▶ **Extracted material**
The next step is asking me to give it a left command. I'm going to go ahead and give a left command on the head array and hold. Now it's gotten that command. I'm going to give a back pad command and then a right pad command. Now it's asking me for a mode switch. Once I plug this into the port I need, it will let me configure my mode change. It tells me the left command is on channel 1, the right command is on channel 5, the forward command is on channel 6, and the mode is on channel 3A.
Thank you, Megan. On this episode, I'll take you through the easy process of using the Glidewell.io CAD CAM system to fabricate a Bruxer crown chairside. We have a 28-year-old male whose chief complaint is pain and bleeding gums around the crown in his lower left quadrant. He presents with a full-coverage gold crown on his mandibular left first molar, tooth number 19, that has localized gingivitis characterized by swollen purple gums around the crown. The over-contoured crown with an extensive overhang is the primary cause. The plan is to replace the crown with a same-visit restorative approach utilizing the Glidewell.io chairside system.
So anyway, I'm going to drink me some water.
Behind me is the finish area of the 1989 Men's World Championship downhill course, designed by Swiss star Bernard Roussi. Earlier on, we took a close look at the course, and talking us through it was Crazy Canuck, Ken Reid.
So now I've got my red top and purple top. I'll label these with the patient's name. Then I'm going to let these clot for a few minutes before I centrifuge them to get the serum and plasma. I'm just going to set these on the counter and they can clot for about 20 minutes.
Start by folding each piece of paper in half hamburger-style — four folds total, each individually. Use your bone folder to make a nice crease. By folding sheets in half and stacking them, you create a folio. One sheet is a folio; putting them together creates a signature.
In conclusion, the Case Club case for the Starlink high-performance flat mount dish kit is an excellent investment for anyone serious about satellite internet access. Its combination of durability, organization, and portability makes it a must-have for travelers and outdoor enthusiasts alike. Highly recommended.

* * *

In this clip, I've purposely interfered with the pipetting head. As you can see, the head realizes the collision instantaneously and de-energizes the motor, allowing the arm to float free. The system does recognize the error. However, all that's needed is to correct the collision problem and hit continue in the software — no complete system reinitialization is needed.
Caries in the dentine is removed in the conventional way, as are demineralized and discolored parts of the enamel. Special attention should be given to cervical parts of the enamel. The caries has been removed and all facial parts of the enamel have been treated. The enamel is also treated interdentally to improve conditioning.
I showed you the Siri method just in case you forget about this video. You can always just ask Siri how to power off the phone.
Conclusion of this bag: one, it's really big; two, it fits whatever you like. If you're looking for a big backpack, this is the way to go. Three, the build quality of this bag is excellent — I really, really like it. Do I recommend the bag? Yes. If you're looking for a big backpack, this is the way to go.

▶ **What is needed**
Where the listing above has a line with "Behind me is", start there, and output every line exactly through the line with "In conclusion, the", which is also included.

▶ **Response area**
Behind me is the finish area of the 1989 Men's World Championship downhill course, designed by Swiss star Bernard Roussi. Earlier on, we took a close look at the course, and talking us through it was Crazy Canuck, Ken Reid.
So now I've got my red top and purple top. I'll label these with the patient's name. Then I'm going to let these clot for a few minutes before I centrifuge them to get the serum and plasma. I'm just going to set these on the counter and they can clot for about 20 minutes.
Start by folding each piece of paper in half hamburger-style — four folds total, each individually. Use your bone folder to make a nice crease. By folding sheets in half and stacking them, you create a folio. One sheet is a folio; putting them together creates a signature.
In conclusion, the Case Club case for the Starlink high-performance flat mount dish kit is an excellent investment for anyone serious about satellite internet access. Its combination of durability, organization, and portability makes it a must-have for travelers and outdoor enthusiasts alike. Highly recommended.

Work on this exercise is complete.